Family Value - Booklist

“Nelson has painted a sympathetic portrait of families with problems and issues … her keen eye for detail makes this novel a richly textured, realistic view of the modern American family.”

 

The house at 392 Chestnut Street is a duplex occupied by the DiDonatos and the Marshes. Life isn’t perfect for either family. Jay Marsh, an attorney, is dealing with his dying, estranged adoptive father. Jay’s wife, Carol, a probation officer working with juvenile offenders, oversees a kid who has become a neo-Nazi, and Carol’s whole family is put in harm’s way. Tony DiDonato, an unemployed college professor, has turned to salvaging and refurbishing furniture. His wife, Laura, a safety engineer, has found out that her company’s dangerous chemicals violate the law, but if she turns the company in, she’ll lose her much-needed job.

 

Nelson has painted a sympathetic portrait of families with problems and issues—many of them major. Her keen eye for detail makes this novel a richly textured, realistic view of the modern American family.

 

Running from the Puppet Master – Booklist (*Starred Review*)

“Nelson has written a fun-to-read thriller … a real, Hitchcockian nail-biter.”

Sometimes you have to be careful what you wish for. Leah Stockbridge has achieved all of her dreams. She is an accomplished artist. She has two beautiful children with her husband, Jean-Luc Perroset, one of the richest, most powerful men in Europe. She can have any luxury she wants. There’s a golden tether tying her to her husband and limiting her freedom, but she tolerates it, even as she longs for her old life as a free-spirited artist.

But, little by little, Leah learns how her husband has manipulated her life, much the same way as he manipulates his collection of rare puppets. Worse yet, she discovers that not only is her husband evil and corrupt, he is also a murderer. Now he knows that she knows, and Leah must run for her life. Jean-Luc’s influence is worldwide, so the prospects of finding a safe haven are bleak.

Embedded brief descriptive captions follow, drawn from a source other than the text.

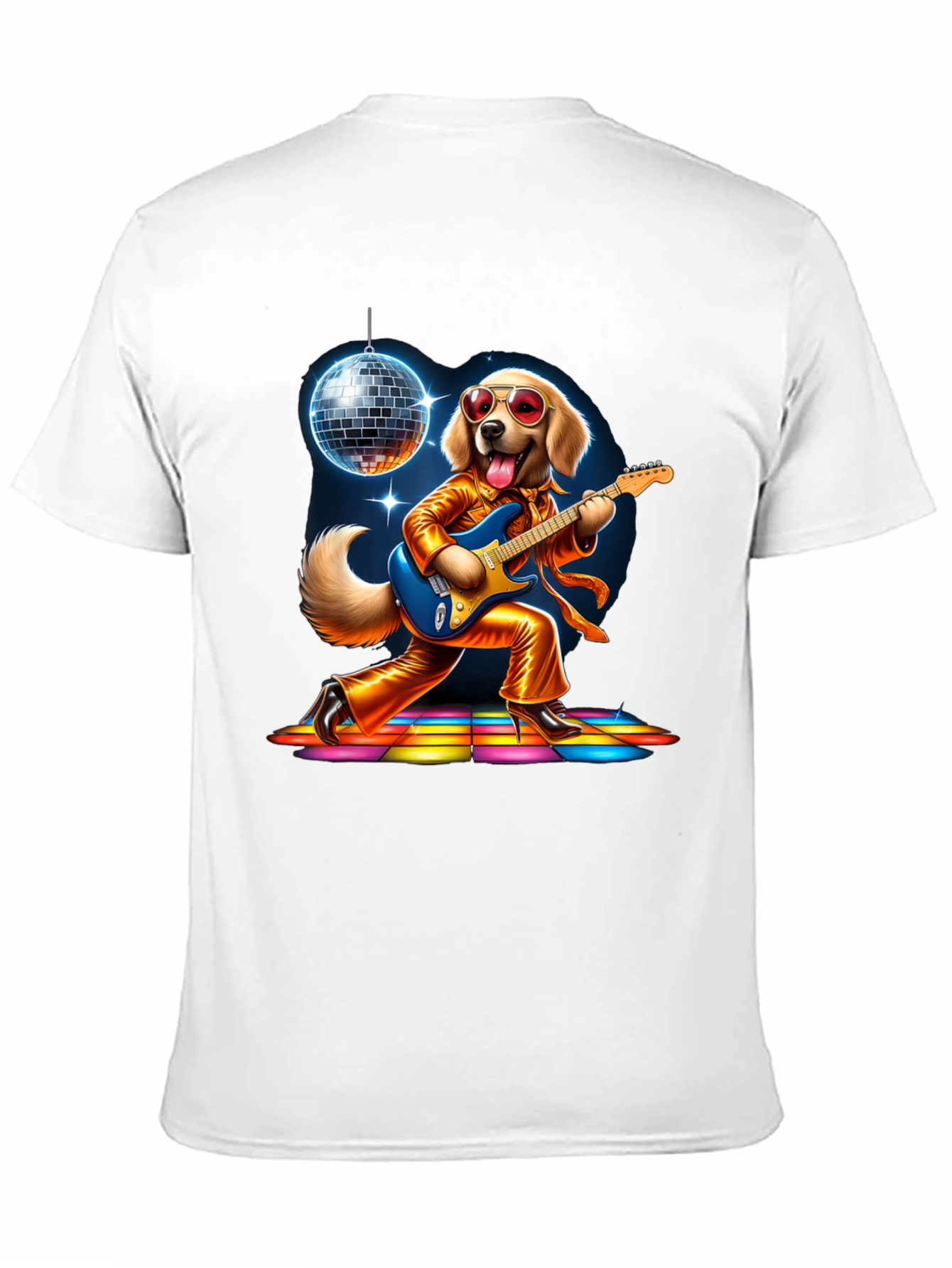 Black Retro Disco Dog T-Shirt view 11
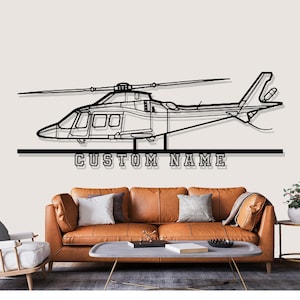 A109S Helicopter Silhouette Metal Wall Art, Custom Metal Wall Decor, Custom Helicopter Silhouette Wall Art, Custom Name Sign, Pilot Gifts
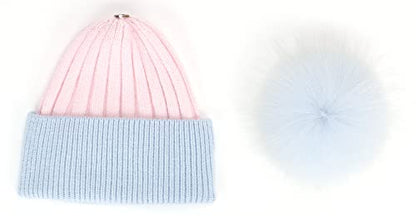 Women's Winter Ribbed Cuffed Beanie Skull Cap with Genuine Raccoon Fur Pom - color: Pink Blue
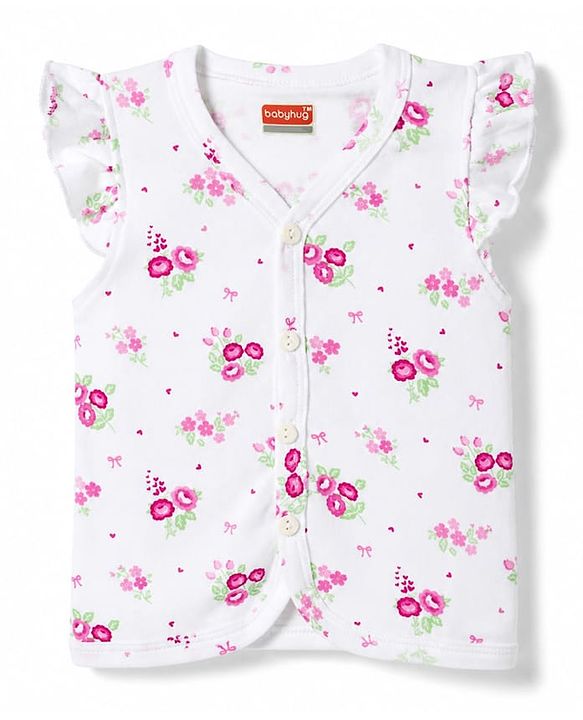 Babyhug 100% Cotton Interlock Woven Sleeveless Jhablas with Hearts & Floral Print Pack Of 3 - Pink White & Green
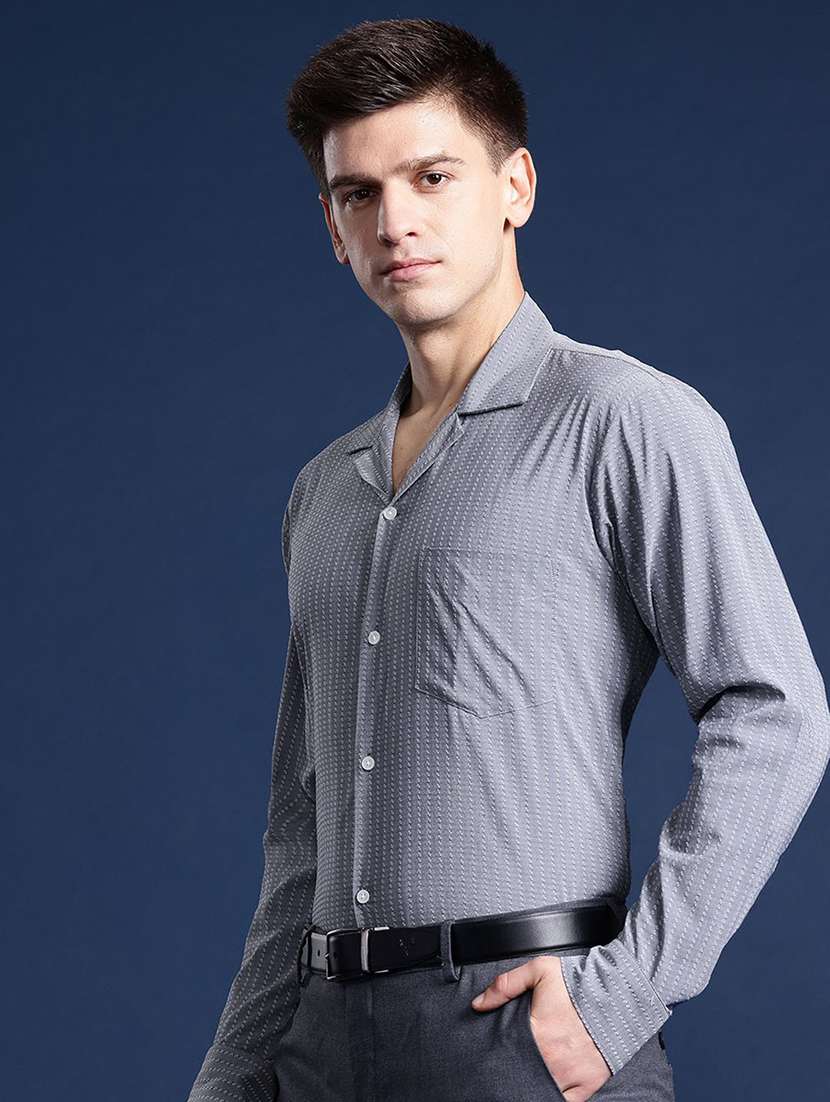 men striped collared long sleeve shirt - 22039431 -  Standard Image - 1
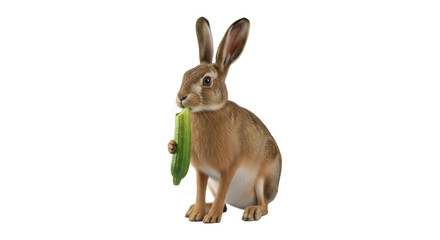 Isolated hare with a cucumber poses in a studio while eating a vegetable close-up
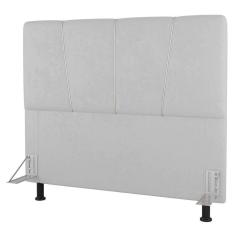 Imagem de Cabeceira Cama Box Casal Amber 140cm Estofada Sintético Branco - Abmaza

Nelson has written a fun-to-read thriller with odd details about life in America (remember tonettes and A-bomb drills?), Paris, and Switzerland from the 1960s to the 1990s and a real, Hitcockian nail-biter.

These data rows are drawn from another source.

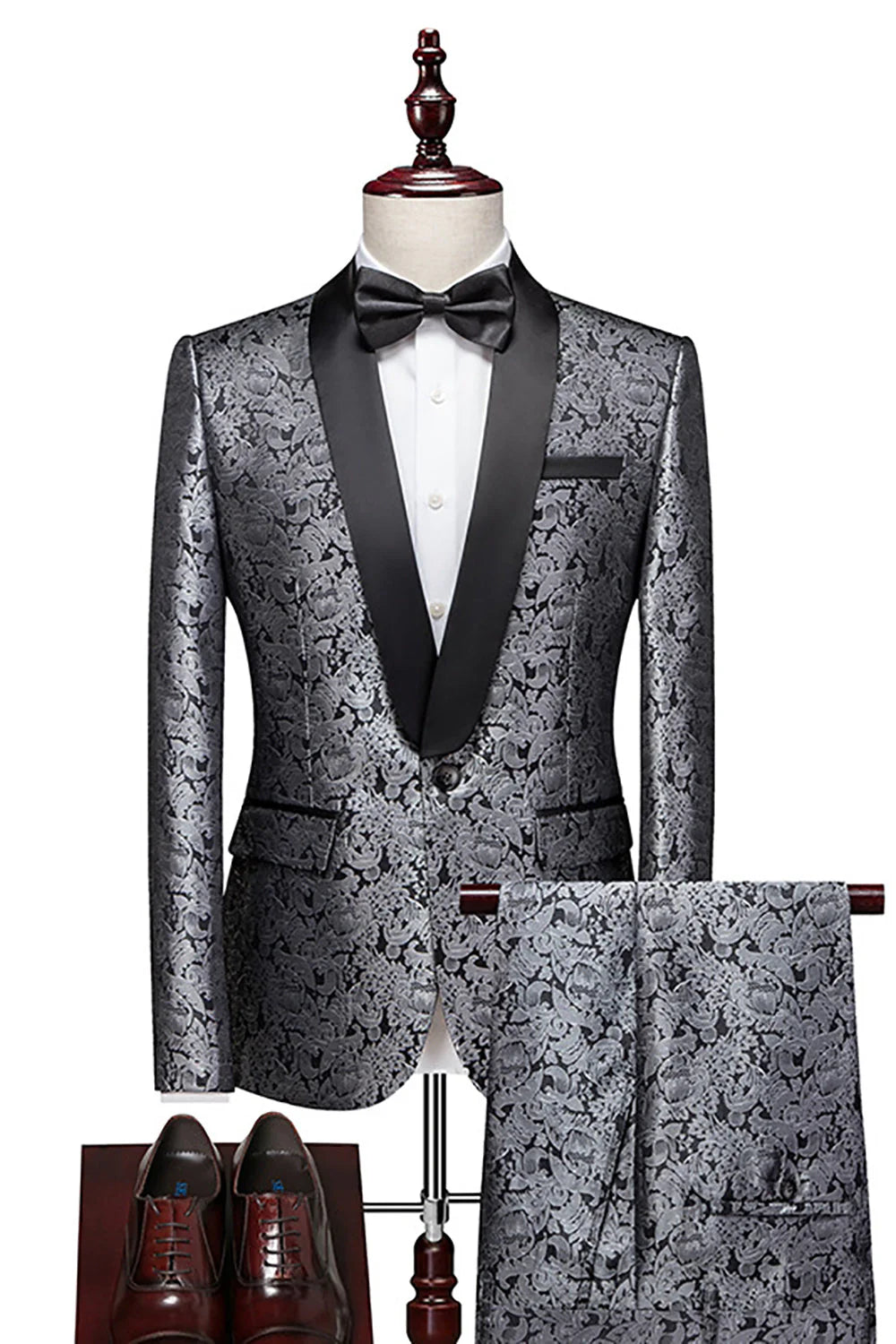 Mens Jacquard 2 Piece Shawl Lapel One Button Wedding Suits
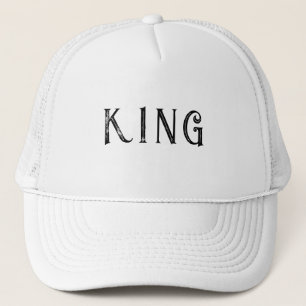 Personalised Custom King Text name White Colour Trucker Hat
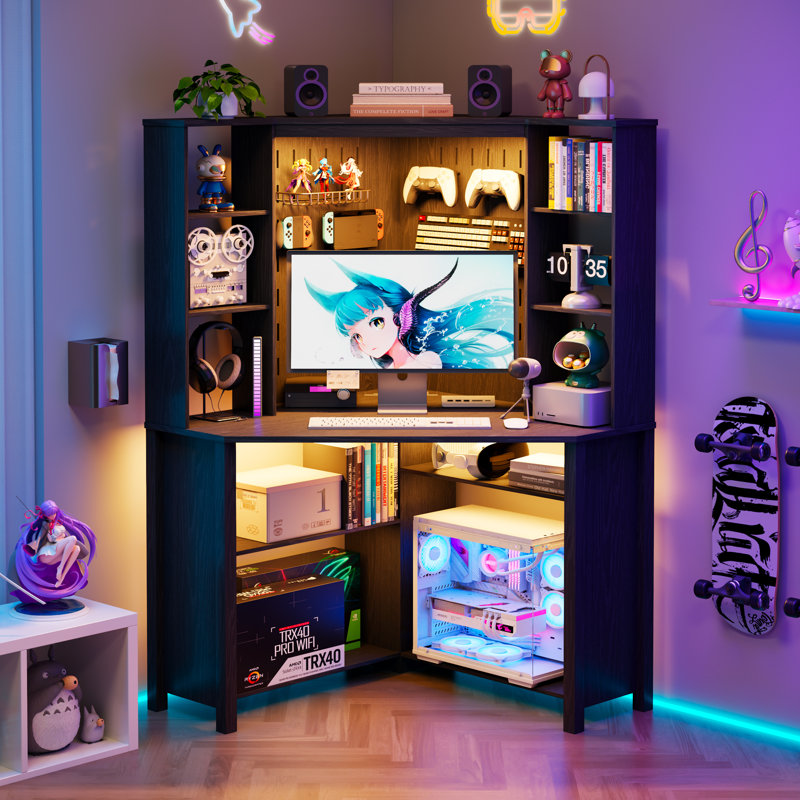 35"× 35" - Pentagonal Corner Computer Desk With Usb Ports, Adjustable Led Lighting, And 9 Layers Of Open Storage Space, Featuring A Perforated Back Panel Design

Running from the Puppet Master – Publishers Weekly

Born in 1945 into a privileged New England family, Leah Stockbridge, the engaging heroine of this initially sluggish novel of romantic suspense from Swiss-American author Nelson (The Card), defies her parents' wishes by enrolling in a Boston art school instead of attending a liberal arts college. After a devastating personal tragedy, Leah moves to Paris to fulfill her desire to paint in the City of Light. There, she falls under the spell of a handsome Swiss banker, Jean-Luc Perroset, whom she eventually marries. Leah sets aside her artistic career to become the perfect Swiss wife, mother and chatelaine of a massive estate. 

The pace picks up as mysterious incidents start to befall Leah, and her fairy tale life with Jean-Luc unravels. Flashbacks to Leah's youth growing up in New England help heighten the suspense.